Local Collective Action and Armed Conflict in Colombia

15th July 2014
In this article, Professor Ana María Ibáñez, from the University of Los Andes in Colombia, describes how the country's 50-year conflict has shaped local institutions, social preferences and the capacity of people to act collectively.  This piece is based on collaborative research undertaken with colleague Margarita Gáfaro, and Patricia Justino from the Institute of Devleopment Studies (IDS), UK.

Colombia has endured an armed conflict for half a century. However, in August 2012 the National Government and the FARC (Fuerzas Armadas Revolucionarias de Colombia) initiated a peace negotiation process, and after two years have reached agreement on three key areas: access to land and rural development; the political participation of guerrilla members; and the illicit drug trade.

The progress of the peace process raises hopes that the conflict might be finally near to an end. Yet new challenges will emerge during the post-conflict phase and the country needs to be prepared. One important aspect is how the 50-year conflict shaped local institutions, social preferences and the capacity of people to act collectively. Collective action is crucial for shaping economic development and tackling poverty but can conflict weaken the ability of communities to organize collectively and have a voice?

Previous evidence has suggested that direct exposure to violence increases pro-social behavior and community engagement in collective action. Our research looked at whether armed conflict modified the decisions of households to participate in local organizations. We also found that the presence of armed groups has a significant impact on the ability of communities to organize themselves and act collectively. Furthermore, in communities where the armed groups stayed longer, people participate more overall, assume leadership roles with a higher frequency and attend more meetings. The effect is driven mostly by political organizations. However, larger participation does not necessarily translate into more democratic decisions. For instance one additional year of armed group presence increases participation in political organizations by 5.6% and attendance to meetings by 5%, whilst reducing decision making by 3%.

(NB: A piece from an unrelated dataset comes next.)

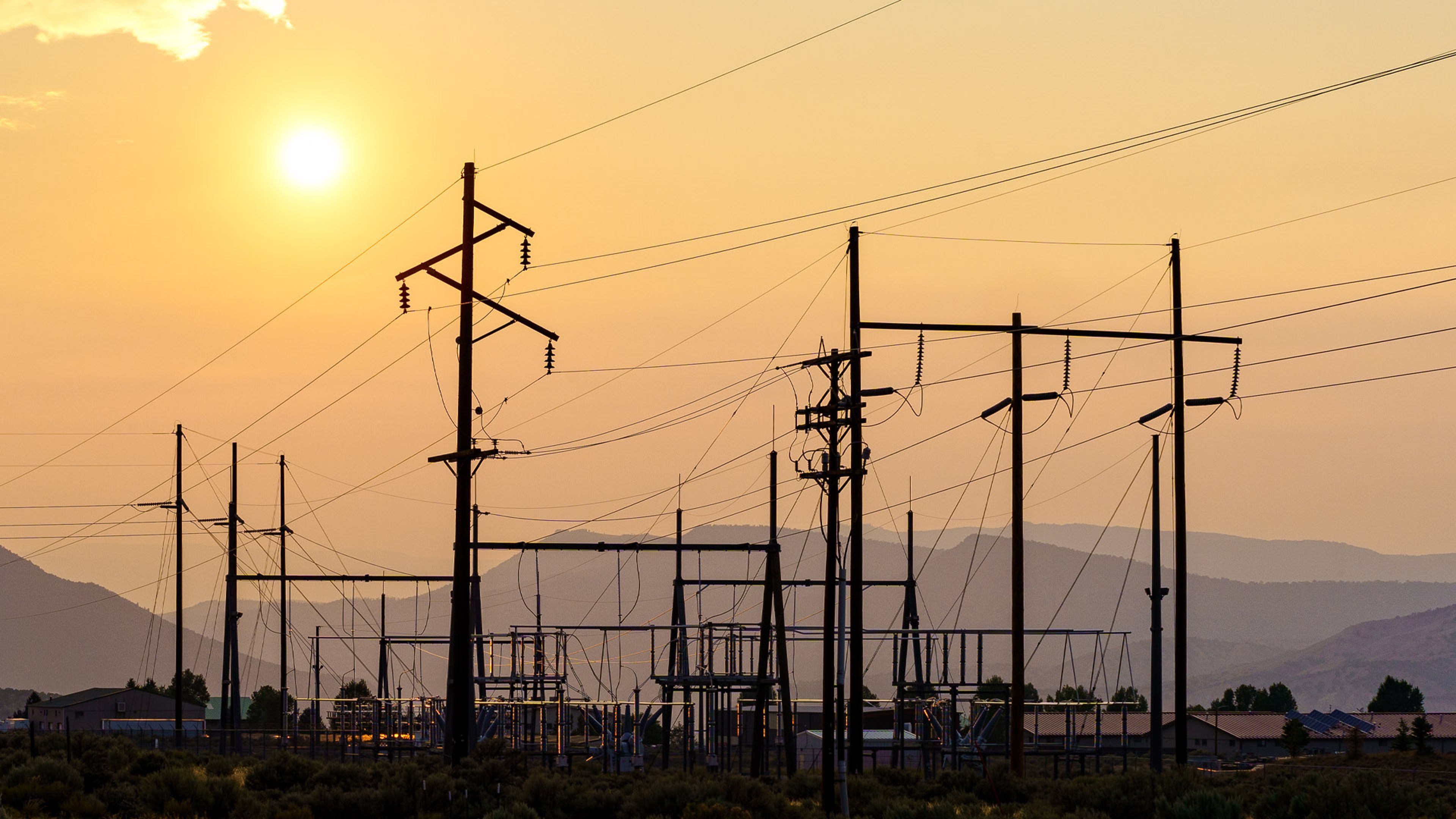 Utility poles and power lines silhouetted against a golden sunset with mountains in the background.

We also explore whether increased participation is driven by communities organizing themselves to resist non-state armed actors or by non-state armed actors capturing organizations to impose a strong control over the population. Our results indicate the negative explanation dominates: non-state armed actors capture local organizations. Furthermore, wealthier and better educated citizens participate more in regions with armed group presence, suggesting armed groups form alliances with particular groups of the population. Locals are excluded from political organizations, which may indicate armed groups impose leaders and members that support their political cause. In addition, the impact on participation is stronger when armed groups have been longer in the community as this provides them time to consolidate their control.

A post-conflict process needs to recognize the complex dynamics the conflict unleashed. After demobilization, we can expect that FARC will activate all these networks of organizations and leaders they created during the 50 years of conflict to control local institutions and gain political leverage. Yet these organizations and new political parties may not necessarily represent the interests and needs of the local population, who had been dominated for decades by fear, intimidation and threats. The national government needs to invest and create strong institutions to ensure the interests of the community are represented in the political arena. This is not an easy task. Colombia has demonstrated amply its inability to have a strong institutional presence in rural areas.